Take a few introductory courses

Follow the links from the list of undergraduate majors for suggested introductory courses as well as the complete requirements of majors. Look over the list of available General Education courses for introductory courses that look interesting and might be potential majors. If you decide not to major in the subject, you can still count the course toward general education requirements. An undecided major advisor can also point you in the right direction regarding the recommended introductory classes for a given program.

Talk with department advisors

Department advisors are some of the best resources on campus because their knowledge of their department spans the continuum from minute details about degree requirements, faculty, and courses (e.g., “That course is only offered every other year, and you never want to take it at the same time as this class.”) to broad intellectual issues of theory and philosophy (e.g., “Professor X’s research all springs from her theory of X, Y, Z”). They can help you form a picture of what the academic culture of the major is like and can put you in touch with faculty or other students in the program.

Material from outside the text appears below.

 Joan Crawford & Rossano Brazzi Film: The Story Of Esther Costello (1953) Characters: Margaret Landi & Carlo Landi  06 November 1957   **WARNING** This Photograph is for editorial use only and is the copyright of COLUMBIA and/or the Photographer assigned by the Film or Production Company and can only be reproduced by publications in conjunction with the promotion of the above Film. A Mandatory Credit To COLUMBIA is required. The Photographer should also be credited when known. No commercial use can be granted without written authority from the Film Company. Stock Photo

Talk with faculty in the major

Perhaps you’re thinking of majoring in an area you’re taking a class in this semester. Go to office hours and talk to your instructor about his or her interests and background in the discipline. Remember: this person has dedicated his or her life to the subject, to its advancement and its dissemination. If anyone could give you the lowdown of that major, a faculty member can. Faculty can tell you about courses, career paths, and will be able to recommend the top journals of the discipline for you to peruse the current research in the area. If you’re not in a class with someone, ask the department advisor who to talk with. Faculty are busy, but they will be happy to share with someone who is genuinely interested in their field.

Talk with students already declared in the major

To get the ultimate insider’s view, talk with other students (like we had to tell you that!). Find out what drew them to the major, what their experience has been in the program (both in and out of the classroom), what they hope to do in the future, and what the good opportunities are. And remember that all students are different – just because one person likes or dislikes a field of study doesn’t mean you’ll feel the same way. Keep in mind how you may be different in terms of your preferences and goals from others.

Get a job or an internship

There’s sometimes no way to know if you like something until you do it. Work with the department advisor, the Career Center, the Volunteer Center, or the Joint Educational Project to get some leads on jobs, internships, and service opportunities.

Do undergraduate research

USC brings in over $500 million in research funding each year. There is a huge amount of research going on at all times. And many of those research projects rely on undergraduate research assistants to get the work done. Take advantage of one of the great resources USC has to offer, and try your hand at research. For many students, doing the actual research of a discipline can be just the spark needed to light a passion. To find opportunities, connect with the Undergraduate Research & Discovery Programs and department advisors.

Talk with a career counselor

Although majors and careers are certainly not the same thing, the same skills that make career counselors good at helping people find their career passion might be directed to help you find your academic passion.

The Career Center also offers the Myers-Briggs Type Indicator (MBTI) and Strong Interest Inventory (SII), both widely used career assessment tools which may also shed light onto your academic interests. You may learn something new about yourself, may confirm what you already knew about yourself, or perhaps see things from a different perspective. In any case, it is fun to hear the interpretations.

Visit the Career Center to see how they can assist you.